Earlier Tuesday, McCaskill's campaign website debuted an ad citing comments Akin made over the past year expressing dislike for Social Security, questioning the constitutionality of the Medicare program and voicing opposition to the federal government's role in setting a minimum wage and financing student loans.

The ad culminates by referencing Akin's remark about rape and asks: "What will he say next?"

McCaskill's campaign said the ad is running on TV stations statewide.
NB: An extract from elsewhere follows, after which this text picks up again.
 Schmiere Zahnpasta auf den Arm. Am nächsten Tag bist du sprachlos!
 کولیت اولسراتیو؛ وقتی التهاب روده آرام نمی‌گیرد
It marks the first time McCaskill has addressed Akin's rape remark in an ad, though she has cited his comments about other issues from the moment he won the Republican primary. As the drop-out deadline passed Tuesday, McCaskill also launched a new online fundraising drive with the declaration: "Todd Akin is Officially Claire's Opponent."

After his rape remark, Akin lost the financial support of the Republican National Committee, the GOP's Senate campaign arm and the Crossroads group affiliated with Republican strategist Karl Rove. That eliminated millions of dollars of planned advertising in Missouri.

Akin has countered that with a small-dollar, online fundraising drive highlighting how he's standing up to Republican Party bosses and President Barack Obama's administration. Former Republican presidential candidate Newt Gingrich headlined a more traditional fundraiser Monday for Akin. And late Tuesday,

And late Tuesday, Missouri U.S. Sen. Roy Blunt changed course by saying he was supporting Akin — whom he'd called on to quit the Senate race last month in a joint statement with four former Missouri senators.